Roughly 36,000 textile and garment workers in Indonesia could lose their jobs as weak sales threaten more than 100 small-scale manufacturers.
That’s according to Ade Sudrajat, chairman of the Indonesian Textile Association (API), who told Investor Daily on Tuesday that a diminished domestic demand due to the country’s crawling economy has led to goods piling up in warehouses and slashed production levels.
“There was no demand, so those factories cannot produce,” he said.
While the Indonesian Ministry of Industry in May unveiled a new plan aimed at boosting textile and footwear exports, local manufacturers are still struggling to compete with cheaper imports from China and South Korea in the domestic market.
Combined with a falling rupiah, which has depreciated about 13.6 percent against the U.S. dollar so far this year (making yarn and fabric imports more expensive), and rising electricity costs, it’s spelled disaster for the country’s garment industry: The Confederation of All Indonesian Workers’ Union (KSPSI) has said around 45,000 workers have been let go from textile and apparel factories in recent months and that number will likely increase.
Sudrajat suggested cutting the electricity tariff by 40 percent could help, as well as introducing trade barriers for certain textile imports in a bid to protect Indonesian manufacturers.

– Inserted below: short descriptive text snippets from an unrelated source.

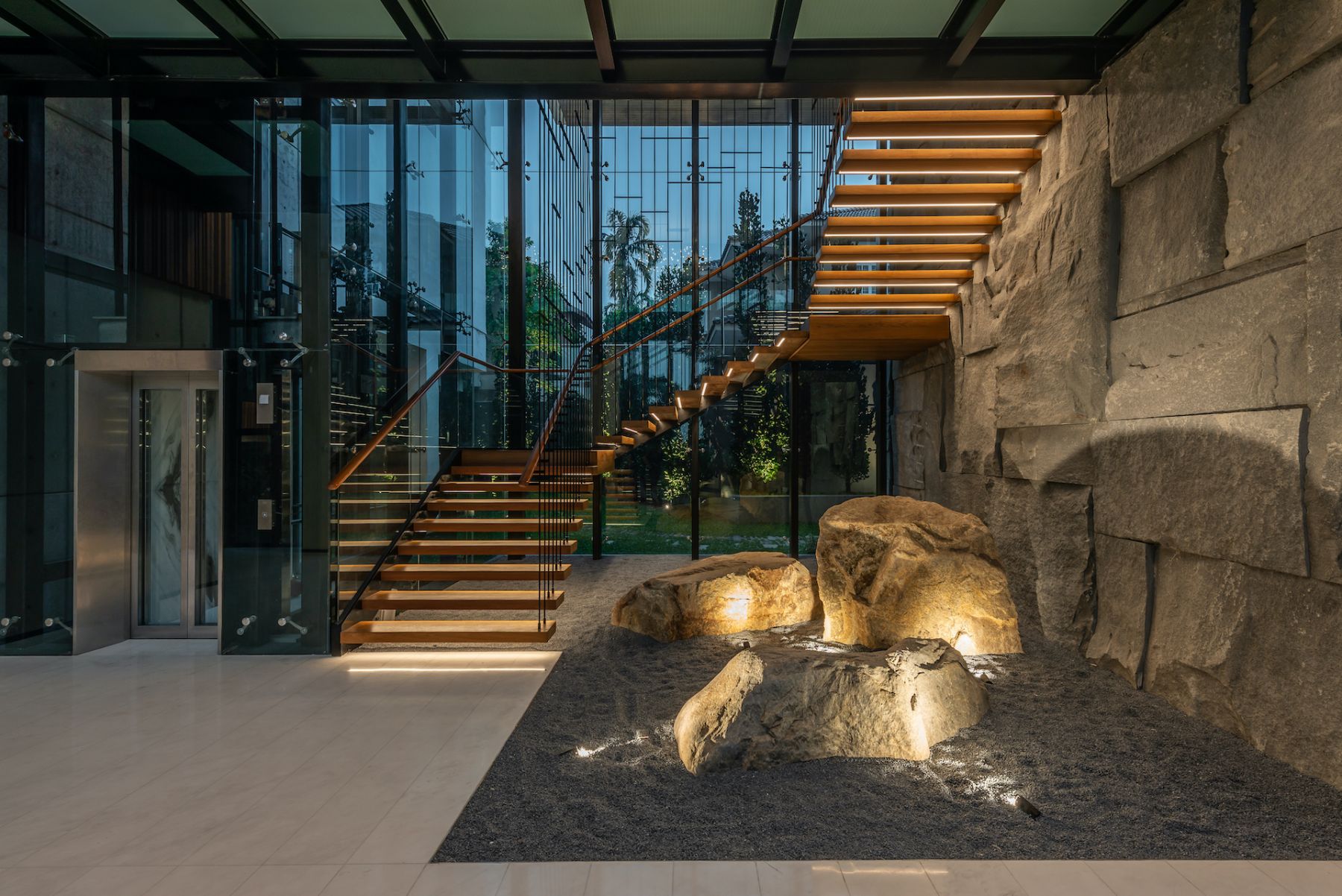 An internal rock garden is a meditative corner in the house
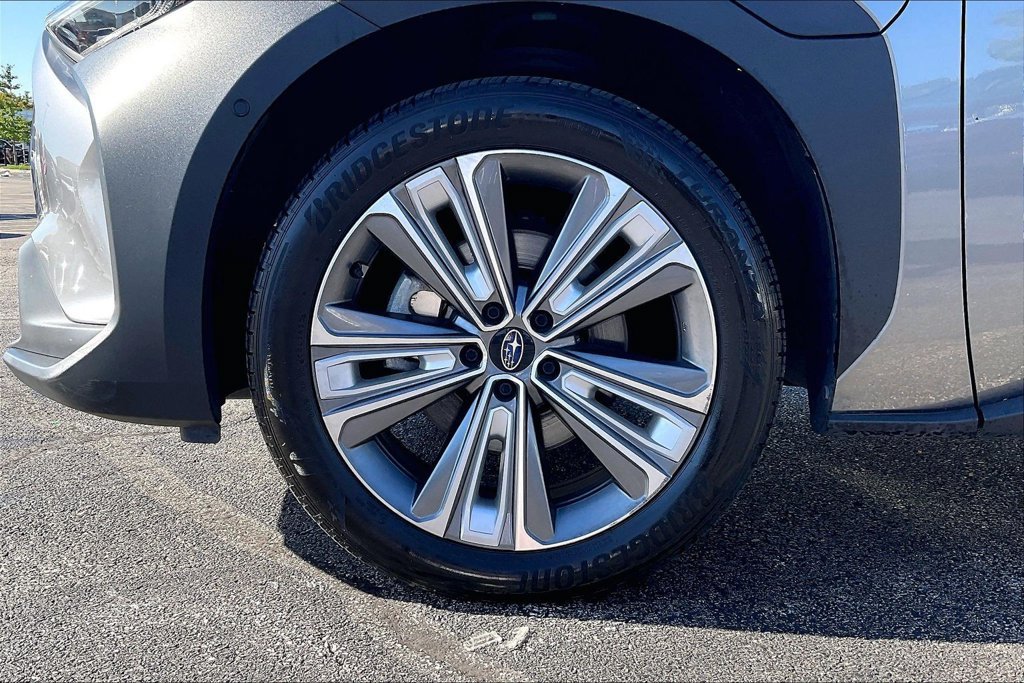 Used 2023 Subaru Solterra AWD image 10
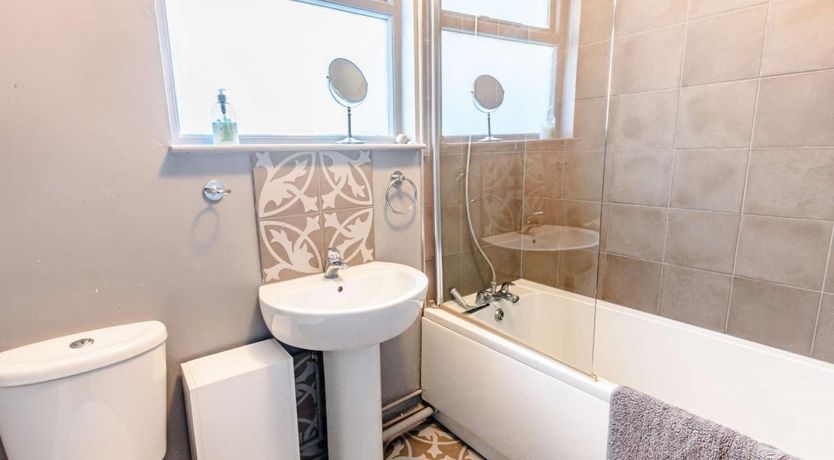 Photo of 3 Bed in Shanklin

Last month, the government increased the duty on thousands of imported consumer goods, including coats, jackets, suits, blouses, shirts and T-shirts, but the domestic industry is still at risk, with no liberation in sight. The country posted its weakest economic growth since 2009 in the second quarter of the year and thousands of workers took to the streets in several cities on Tuesday to protest layoffs and demand higher wages.